Olho por olho, dente por dente, deixa todo mundo cego e banguela
Publicado
emAs recentes atrocidades que estão cometendo árabes, judeus, cristãos e muçulmanos no Oriente Médio nos lembram os massacres no primeiro século da era cristã, quando os fiéis da nova religião eram sacrificados pelos romanos politeístas, inclusive destruindo o templo de Jerusalém, em 70 d.C.
Mas precisa refletir sobre o fato de que a perseguição promovida pelos Imperadores de Roma não deixou de ser uma resposta aos cristãos da Palestina que foram até à capital da Itália impor o culto de Jesus Cristo como único Deus, desprezando a pluralidade das divindades tradicionais (Júpiter, Vênus, Ísis, Osíris etc.) veneradas pelos povos de cultura greco-romana ou egípcia.
Supõe-se que os habitantes da antiga Itália não se teriam se oposto em colocar mais uma divindade, “o Deus que faltava” (como Fernando Pessoa definiu Cristo), no seu Panteão, o templo que abrigava todos os deuses nacionais e estrangeiros. Este monumento ainda hoje é muito visitado em Roma. Pensando com rigor histórico, os cristãos foram os primeiros a não respeitar a liberdade de culto dos pagãos, ao querer impor apenas seu Deus como único e verdadeiro.
O problema crucial de todas as crenças no sobrenatural é a presunção e a intolerância. Fanáticos de uma religião se sentem na obrigação moral de impor dogmas de fé e de ética, apregoados pelos seus profetas como absolutos, pois inquestionáveis. A meu ver, o que provoca o atraso da humanidade é a crença nas palavras de homens que têm a pretensão de impor doutrinas e normas de vida em nome de um Deus.
Vou tomar, apenas como exemplo, o Apóstolo João, autor do “Apocalipse”, o último livro do Novo Testamento, considerado sagrado pela Igreja Católica. Estava ele desterrado em Patmos, pequena ilha no mar Egeu, na costa da Ásia Menor, por volta do ano 95, quando teria recebido uma revelação (em grego “apocalipse”) de Jesus Cristo, que lhe mostrara a luta entre anjos e demônios e o iminente fim do mundo, pois logo haveria o Juízo Final com a ressurreição dos corpos, a premiação dos bons e a condenação dos maus.
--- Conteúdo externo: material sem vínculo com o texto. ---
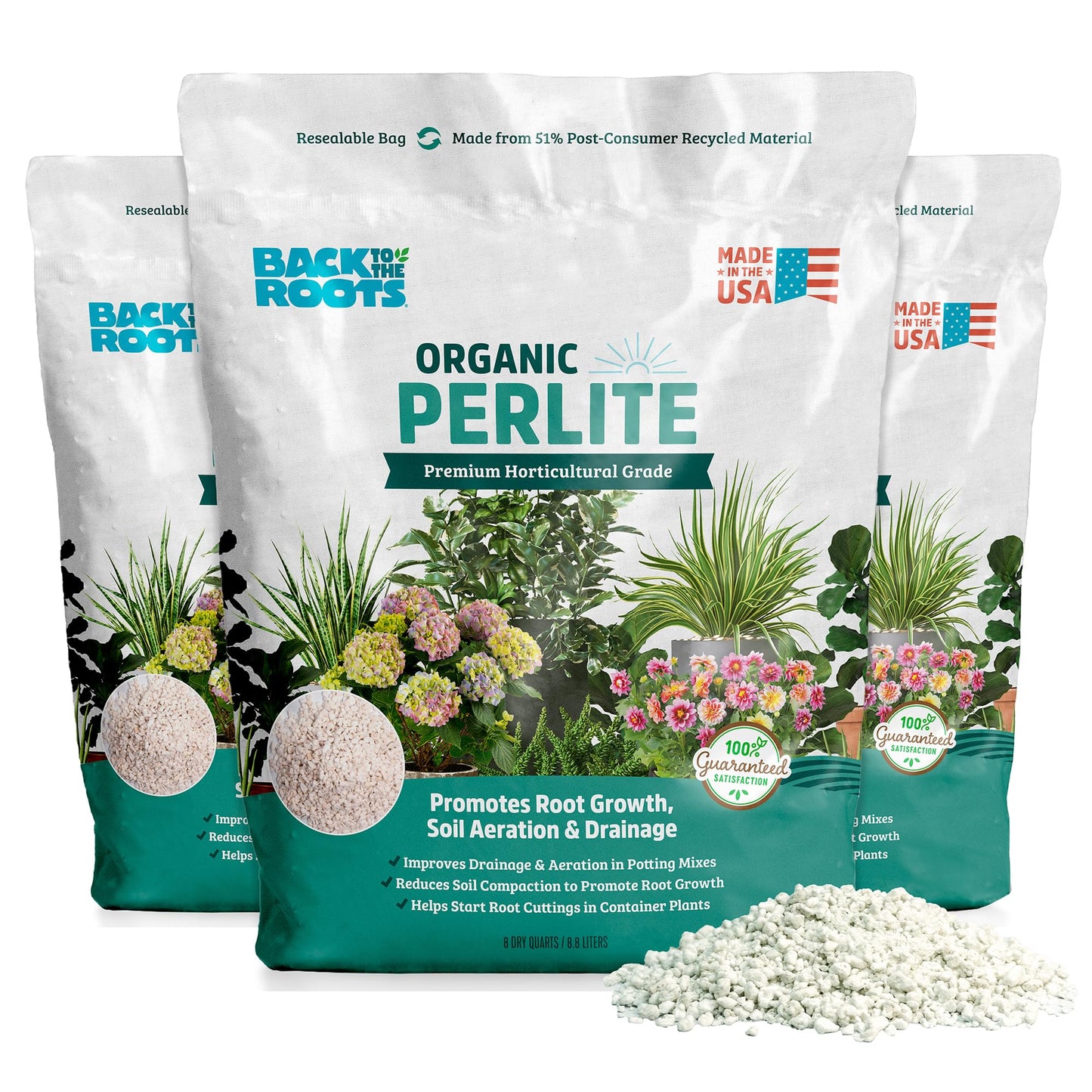 Back to the Roots Organic Worm Castings for Plants, Natural Fertilizer and Soil Enhancer for Gardening, Made in The USA, 5lb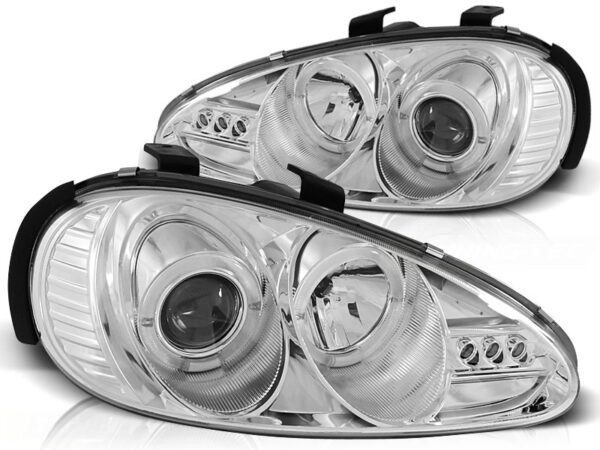 Frontlykter Mazda Mx3 91-98 Angel Eyes Krom – bilde 2 av 2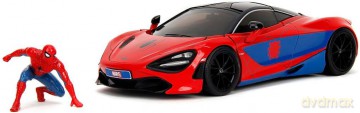 Auto Spider-Man metalowe McLaren 720S 1:24 z figurką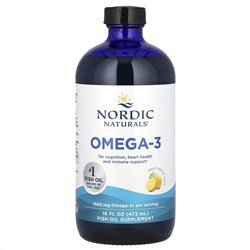 Nordic Naturals, Омега-3 со вкусом лимона, 1,560 мг, 473 мл (16 жидк. унций)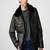 men's black lambskin leather jacket classic zip up style stylish luxury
Se os Quatro Cavaleiros do Apocalipse (símbolos da Guerra, Peste, Fome e Morte), cuja chegada foi profetizada como imediata (e já se passaram quase dois milênios sem que o mundo acabasse!), como podemos ainda acreditar que a palavra de João Evangelista seja divina? Na verdade, o livro do Apocalipse pertence a um gênero literário especial, chamado escatológico (em grego “fim dos tempos”), próprio da época de perseguições religiosas. Através de imagens simbólicas, projeta-se a existência de uma vida futura sobrenatural, a fim de consolar ofendidos e deprimidos, infundindo-lhes coragem com a certeza de que a vitória final será dos bons. Trata-se, portanto, de ficção de auto-ajuda e não de verdade divina.
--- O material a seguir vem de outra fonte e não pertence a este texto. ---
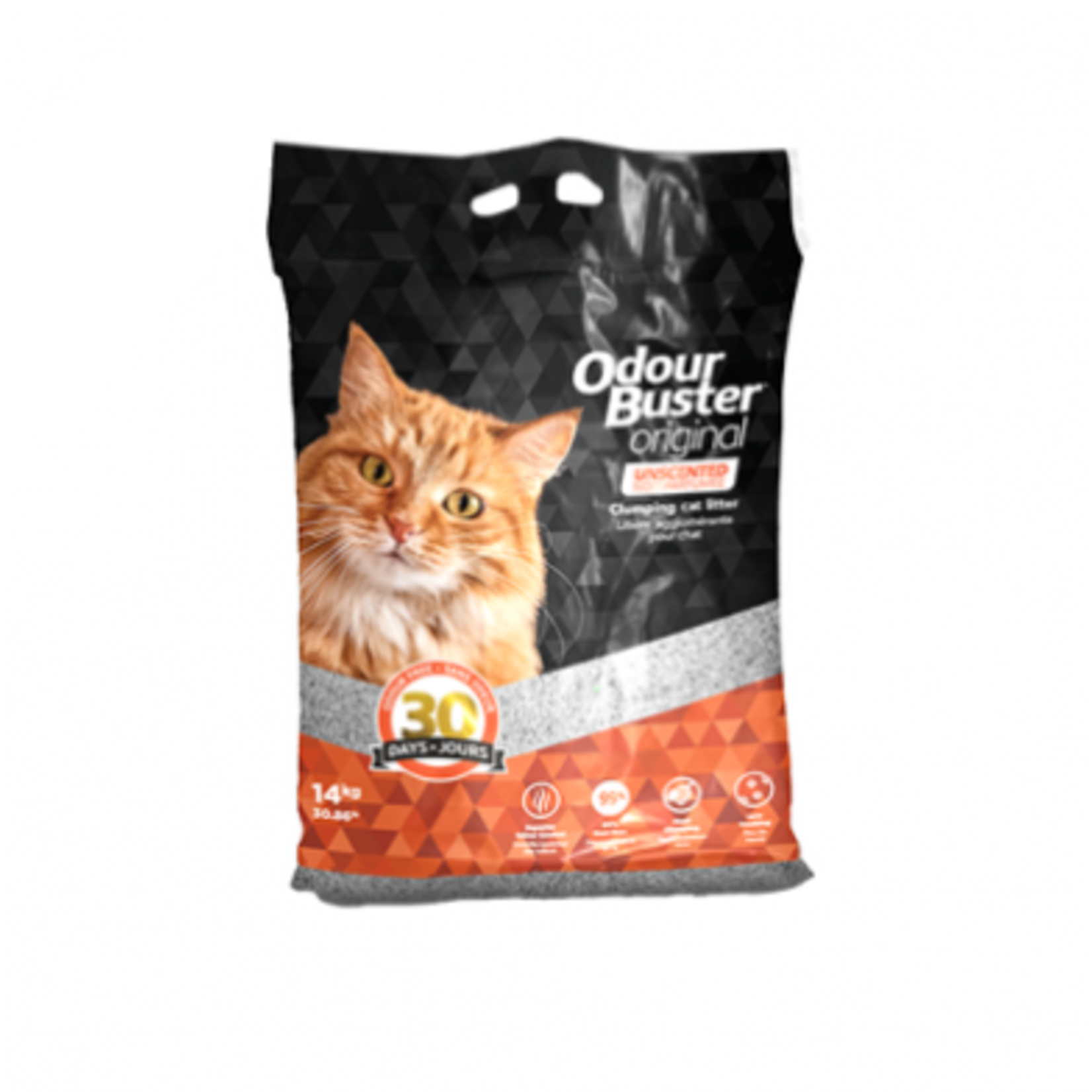 Odour Buster Original - Premium Cat Litter - 14 kg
A literatura apocalíptica existe antes e depois do Apóstolo João. O profeta Daniel, do Velho Testamento, figura proeminente da corte de Babilônia, já escrevera sobre visões apocalípticas. No sétimo século d.C, Maomé, considerado o terceiro e último Profeta depois de Moisés e Jesus Cristo, fundou a religião islâmica, estimulado por uma presumida aparição do arcanjo Gabriel. Curiosa é a lenda sobre sua morte: acometido de um mal súbito, no ano de 632, da Cúpula do Rochedo em Jerusalém teria ascendido ao céu envolvido numa nuvem.
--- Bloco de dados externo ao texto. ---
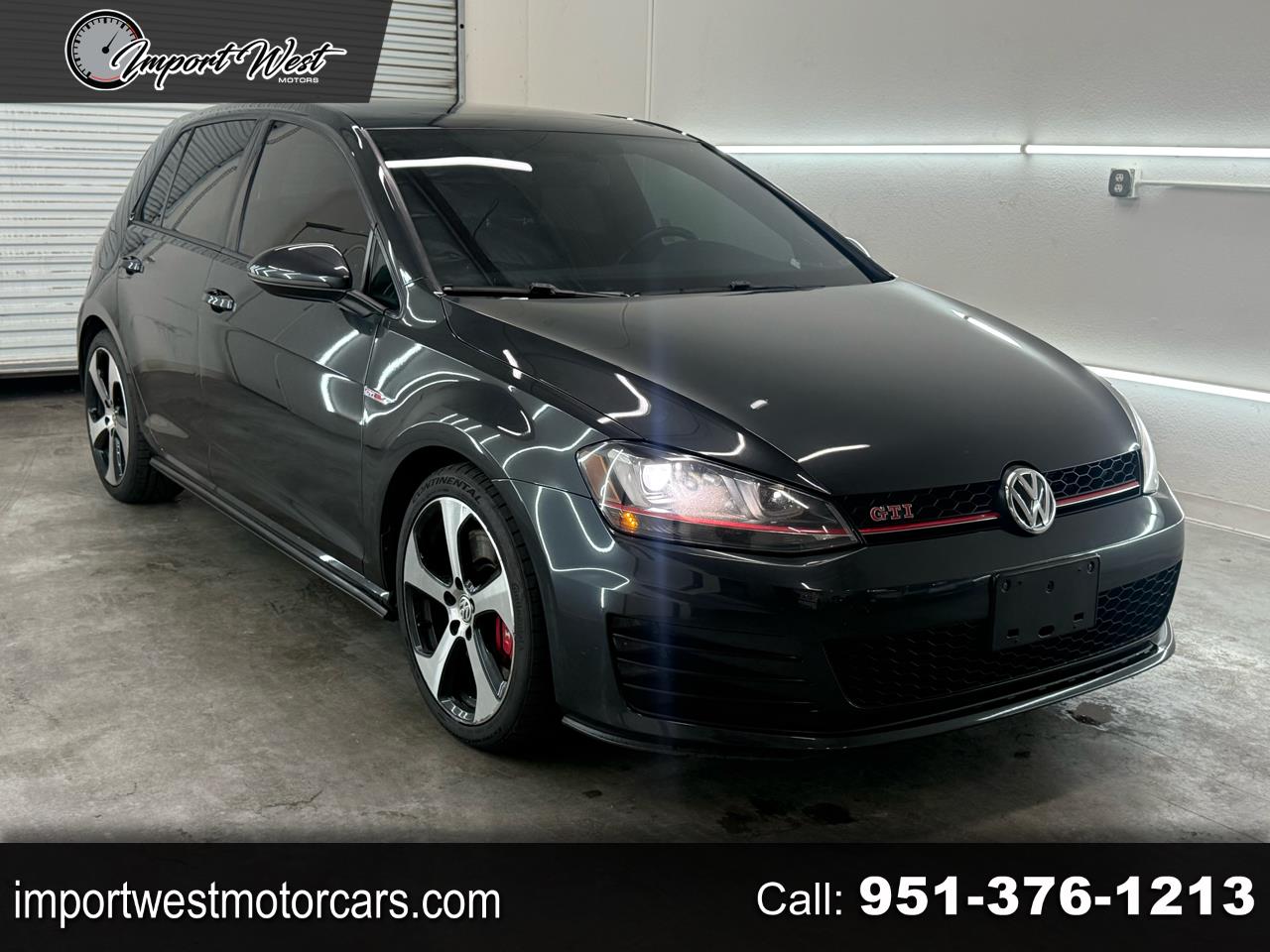 2017 Volkswagen Golf GTI 2.0T 4-Door SE DSG w/Perfomance Pkg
É lícito perguntar como isso foi possível se Maomé nunca esteve em Jerusalém e a referida mesquita foi construída pelo califa Abd al-Malik em 669, bem depois da morte do Profeta, portanto. Os crentes de qualquer religião estão propensos a acreditar mais na palavra dos seguidores de profetas do que no fato histórico ou na verdade científica. Pessoalmente, Moisés, Cristo e Maomé não deixaram nada por escrito.
Seria melhor que, em lugar de esperarmos a salvação por parte de divindades ou políticos carismáticos, nos esforçássemos em construir uma democracia fundamentada na justiça social e na ajuda mútua entre cidadãos e nações, pois ninguém pode ser feliz no meio da miséria. A persistente guerra entre o ódio histórico de judeus contra árabes e a Jihad islâmica, que prega a destruição do Estado de Israel, constitui o verdadeiro apocalipse moderno. O preceito bíblico “olho por olho, dente por dente” deixa todo o mundo cego e banguela.